Please do not print the OOM killer messages when the OOM killer cannot make
progress... It just disturbs console users.
Sergey Senozhatsky Oct. 18, 2018, 6:10 a.m. UTC | #7
On (10/18/18 14:26), Tetsuo Handa wrote:
> Sergey Senozhatsky wrote:
> > To my personal taste, "baud rate of registered and enabled consoles"
> > approach is drastically more relevant than hard coded 10 * HZ or
> > 60 * HZ magic numbers... But not in the form of that "min baud rate"
> > brain fart, which I have posted.
> 
> I'm saying that my 60 * HZ is "duration which the OOM killer keeps refraining
>  from calling printk()". Such period is required for allowing console users
> to do their operations without being disturbed by the OOM killer.
> 

Got you. I'm probably not paying too much attention to this discussion.
You start your commit message with "RCU stalls" and end with a compleely
different problem "admin interaction". I skipped the last part of the
commit message.

OK. That makes sense if any user intervention/interaction actually happens.
I'm not sure that someone at facebook or google logins to every server
that is under OOM to do something critically important there. Net console
logs and postmortem analysis, *perhaps*, would be their choice. I believe
it was Johannes who said that his net console is capable of keeping up
with the traffic and that 60 * HZ is too long for him. So I can see why
people might not be happy with your patch. I don't think that 60 * HZ
enforcement will go anywhere.

Now, if your problem is
     "I'm actually logged in, and want to do something
      sane, how do I stop this OOM report flood because
      it wipes out everything I have on my console?"

then let's formulate it as
     "I'm actually logged in, and want to do something
      sane, how do I stop this OOM report flood because
      it wipes out everything I have on my console?"

and let's hear from MM people what they can suggest.

Michal, Andrew, Johannes, any thoughts?

For instance,
   change /proc/sys/kernel/printk and suppress most of the warnings?

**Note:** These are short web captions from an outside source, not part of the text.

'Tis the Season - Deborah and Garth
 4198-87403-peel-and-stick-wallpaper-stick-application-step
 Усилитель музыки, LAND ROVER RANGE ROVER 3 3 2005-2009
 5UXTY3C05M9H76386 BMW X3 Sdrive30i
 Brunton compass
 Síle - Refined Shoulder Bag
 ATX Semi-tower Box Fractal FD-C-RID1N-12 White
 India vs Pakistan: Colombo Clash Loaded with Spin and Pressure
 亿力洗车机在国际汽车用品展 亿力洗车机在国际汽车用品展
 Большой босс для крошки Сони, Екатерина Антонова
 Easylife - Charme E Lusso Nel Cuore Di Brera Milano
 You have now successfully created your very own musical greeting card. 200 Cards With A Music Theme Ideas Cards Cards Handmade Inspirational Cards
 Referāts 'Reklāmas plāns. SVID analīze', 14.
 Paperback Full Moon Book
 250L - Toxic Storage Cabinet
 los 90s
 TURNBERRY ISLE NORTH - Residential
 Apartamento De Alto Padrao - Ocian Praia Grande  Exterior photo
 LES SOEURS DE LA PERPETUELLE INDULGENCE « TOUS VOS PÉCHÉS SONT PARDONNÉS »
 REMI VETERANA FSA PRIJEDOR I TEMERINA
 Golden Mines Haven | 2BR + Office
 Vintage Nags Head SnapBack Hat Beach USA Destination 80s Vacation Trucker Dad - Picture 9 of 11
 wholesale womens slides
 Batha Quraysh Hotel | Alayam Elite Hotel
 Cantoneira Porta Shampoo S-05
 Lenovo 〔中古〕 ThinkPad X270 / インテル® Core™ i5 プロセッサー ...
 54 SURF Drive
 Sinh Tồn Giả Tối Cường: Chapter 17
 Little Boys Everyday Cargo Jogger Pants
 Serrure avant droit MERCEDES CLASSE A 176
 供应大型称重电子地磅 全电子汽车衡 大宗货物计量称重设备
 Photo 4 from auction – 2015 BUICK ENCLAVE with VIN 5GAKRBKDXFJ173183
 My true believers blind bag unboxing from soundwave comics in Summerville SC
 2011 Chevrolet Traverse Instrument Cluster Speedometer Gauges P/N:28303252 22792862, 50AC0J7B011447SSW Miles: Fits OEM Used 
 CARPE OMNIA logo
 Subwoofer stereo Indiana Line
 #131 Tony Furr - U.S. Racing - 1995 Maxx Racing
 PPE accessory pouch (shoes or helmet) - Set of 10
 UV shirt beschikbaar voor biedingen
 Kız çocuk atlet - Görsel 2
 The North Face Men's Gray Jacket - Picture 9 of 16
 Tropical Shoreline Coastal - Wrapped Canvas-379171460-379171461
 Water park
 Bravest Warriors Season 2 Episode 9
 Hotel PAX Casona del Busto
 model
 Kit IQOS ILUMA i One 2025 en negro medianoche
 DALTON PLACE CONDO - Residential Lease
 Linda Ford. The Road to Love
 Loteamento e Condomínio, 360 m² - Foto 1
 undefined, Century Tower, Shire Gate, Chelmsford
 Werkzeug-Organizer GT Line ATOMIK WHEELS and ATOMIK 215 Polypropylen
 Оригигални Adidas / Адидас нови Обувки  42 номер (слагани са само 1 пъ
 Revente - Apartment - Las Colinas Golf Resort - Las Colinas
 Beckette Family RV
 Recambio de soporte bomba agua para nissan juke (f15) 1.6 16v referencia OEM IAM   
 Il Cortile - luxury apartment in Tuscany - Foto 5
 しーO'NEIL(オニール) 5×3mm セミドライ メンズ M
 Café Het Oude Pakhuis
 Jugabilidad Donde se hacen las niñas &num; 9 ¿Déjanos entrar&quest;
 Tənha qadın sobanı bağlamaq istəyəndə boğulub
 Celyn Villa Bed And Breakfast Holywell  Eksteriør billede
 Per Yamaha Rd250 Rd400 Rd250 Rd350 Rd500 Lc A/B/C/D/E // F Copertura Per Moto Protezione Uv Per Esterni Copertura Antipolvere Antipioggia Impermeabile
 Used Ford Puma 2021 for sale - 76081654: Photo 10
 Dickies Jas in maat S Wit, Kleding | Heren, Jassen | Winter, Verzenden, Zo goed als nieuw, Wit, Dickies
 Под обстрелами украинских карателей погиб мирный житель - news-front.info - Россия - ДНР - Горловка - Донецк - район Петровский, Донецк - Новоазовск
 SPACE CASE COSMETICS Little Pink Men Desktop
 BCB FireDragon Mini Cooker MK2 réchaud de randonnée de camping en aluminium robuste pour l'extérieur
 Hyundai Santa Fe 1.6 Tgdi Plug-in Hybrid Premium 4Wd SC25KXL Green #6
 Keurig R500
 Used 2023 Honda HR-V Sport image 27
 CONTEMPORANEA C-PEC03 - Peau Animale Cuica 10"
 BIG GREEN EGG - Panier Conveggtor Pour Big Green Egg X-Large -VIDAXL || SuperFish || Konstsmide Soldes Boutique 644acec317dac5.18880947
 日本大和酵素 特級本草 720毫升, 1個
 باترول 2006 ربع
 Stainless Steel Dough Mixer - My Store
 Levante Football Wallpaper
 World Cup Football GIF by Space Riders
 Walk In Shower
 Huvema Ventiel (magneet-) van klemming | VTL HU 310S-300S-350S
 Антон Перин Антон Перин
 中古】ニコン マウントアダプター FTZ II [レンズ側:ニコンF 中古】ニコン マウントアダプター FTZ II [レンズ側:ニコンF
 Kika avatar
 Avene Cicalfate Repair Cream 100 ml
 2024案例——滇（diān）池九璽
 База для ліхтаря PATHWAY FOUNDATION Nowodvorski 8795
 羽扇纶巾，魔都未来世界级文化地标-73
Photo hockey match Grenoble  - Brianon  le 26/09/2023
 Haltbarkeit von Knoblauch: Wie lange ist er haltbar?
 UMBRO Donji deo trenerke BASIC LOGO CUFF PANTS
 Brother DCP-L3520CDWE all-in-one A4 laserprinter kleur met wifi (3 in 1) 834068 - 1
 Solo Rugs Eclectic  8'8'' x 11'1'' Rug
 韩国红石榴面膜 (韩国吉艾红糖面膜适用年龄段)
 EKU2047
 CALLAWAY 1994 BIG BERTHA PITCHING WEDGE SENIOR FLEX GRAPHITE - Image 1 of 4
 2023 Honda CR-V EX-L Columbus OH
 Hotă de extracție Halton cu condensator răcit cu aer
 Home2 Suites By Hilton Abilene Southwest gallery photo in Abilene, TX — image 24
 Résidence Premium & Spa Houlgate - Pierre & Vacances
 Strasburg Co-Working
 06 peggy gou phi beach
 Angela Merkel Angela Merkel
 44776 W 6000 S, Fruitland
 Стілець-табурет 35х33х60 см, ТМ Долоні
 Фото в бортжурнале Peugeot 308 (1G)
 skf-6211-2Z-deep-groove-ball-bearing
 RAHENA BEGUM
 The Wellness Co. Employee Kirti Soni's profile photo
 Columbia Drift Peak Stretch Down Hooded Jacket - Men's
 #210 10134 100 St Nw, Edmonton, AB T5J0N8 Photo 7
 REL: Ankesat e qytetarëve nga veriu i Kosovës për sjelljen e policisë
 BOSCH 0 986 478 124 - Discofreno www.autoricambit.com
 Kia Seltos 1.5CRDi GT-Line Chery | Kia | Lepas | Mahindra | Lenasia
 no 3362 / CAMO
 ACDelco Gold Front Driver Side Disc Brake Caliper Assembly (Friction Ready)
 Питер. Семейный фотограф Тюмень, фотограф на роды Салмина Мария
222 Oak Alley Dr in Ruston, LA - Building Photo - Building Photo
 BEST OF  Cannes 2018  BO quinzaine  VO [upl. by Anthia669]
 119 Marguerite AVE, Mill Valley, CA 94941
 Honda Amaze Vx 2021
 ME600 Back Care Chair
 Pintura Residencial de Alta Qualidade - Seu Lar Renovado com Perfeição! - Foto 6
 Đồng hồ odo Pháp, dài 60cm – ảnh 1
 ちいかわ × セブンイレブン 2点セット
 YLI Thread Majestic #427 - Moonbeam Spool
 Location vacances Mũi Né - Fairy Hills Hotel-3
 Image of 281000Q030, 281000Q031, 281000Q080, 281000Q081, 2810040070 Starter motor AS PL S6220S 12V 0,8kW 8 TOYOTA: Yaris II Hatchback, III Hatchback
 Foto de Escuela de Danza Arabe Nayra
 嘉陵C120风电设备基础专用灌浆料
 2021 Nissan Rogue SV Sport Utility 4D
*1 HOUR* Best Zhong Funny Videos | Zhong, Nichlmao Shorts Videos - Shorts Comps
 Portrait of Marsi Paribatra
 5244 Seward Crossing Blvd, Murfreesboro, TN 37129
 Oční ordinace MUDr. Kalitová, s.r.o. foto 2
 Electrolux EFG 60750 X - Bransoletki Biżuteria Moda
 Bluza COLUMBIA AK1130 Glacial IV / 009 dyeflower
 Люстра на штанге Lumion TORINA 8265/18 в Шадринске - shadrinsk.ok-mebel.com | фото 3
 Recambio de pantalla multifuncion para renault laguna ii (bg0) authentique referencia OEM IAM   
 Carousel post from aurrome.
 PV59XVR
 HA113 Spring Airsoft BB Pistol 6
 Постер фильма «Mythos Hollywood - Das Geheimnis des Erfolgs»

   // not only OOM but possibly other printk()-s that can come from
   // different CPUs

If your problem is "syzbot hits RCU stalls" then let's have a baud rate
based ratelimiting; I think we can get more or less reasonable timeout
values.

	-ss
Michal Hocko Oct. 18, 2018, 6:55 a.m. UTC | #8
On Thu 18-10-18 11:46:50, Tetsuo Handa wrote:
> Sergey Senozhatsky wrote:
> > On (10/17/18 12:28), Michal Hocko wrote:
> > > > Michal proposed ratelimiting dump_header() [2]. But I don't think that
> > > > that patch is appropriate because that patch does not ratelimit
> > > > 
> > > >   "%s invoked oom-killer: gfp_mask=%#x(%pGg), nodemask=%*pbl, order=%d, oom_score_adj=%hd\n"
> > > >   "Out of memory and no killable processes...\n"
> > [..]
> > > > Let's make sure that next dump_header() waits for at least 60 seconds from
> > > > previous "Out of memory and no killable processes..." message.
> > > 
> > > Could you explain why this is any better than using a well established
> > > ratelimit approach?
> 
> This is essentially a ratelimit approach, roughly equivalent with:
> 
>   static DEFINE_RATELIMIT_STATE(oom_no_victim_rs, 60 * HZ, 1);
>   oom_no_victim_rs.flags |= RATELIMIT_MSG_ON_RELEASE;
> 
>   if (__ratelimit(&oom_no_victim_rs)) {
>     dump_header(oc, NULL);
>     pr_warn("Out of memory and no killable processes...\n");
>     oom_no_victim_rs.begin = jiffies;
>   }

Then there is no reason to reinvent the wheel. So use the standard
ratelimit approach. Or put it in other words, this place is no special
to any other that needs some sort of printk throttling. We surely do not
want an ad-hoc solutions all over the kernel.

And once you realize that the ratelimit api is the proper one (put aside
any potential improvements in the implementation of this api) then you
quickly learn that we already do throttle oom reports and it would be
nice to unify that and ... we are back to a naked patch. So please stop
being stuborn and try to cooperate finally.
Michal Hocko Oct. 18, 2018, 7:56 a.m. UTC | #9
On Thu 18-10-18 15:10:18, Sergey Senozhatsky wrote:
[...]
> and let's hear from MM people what they can suggest.
> 
> Michal, Andrew, Johannes, any thoughts?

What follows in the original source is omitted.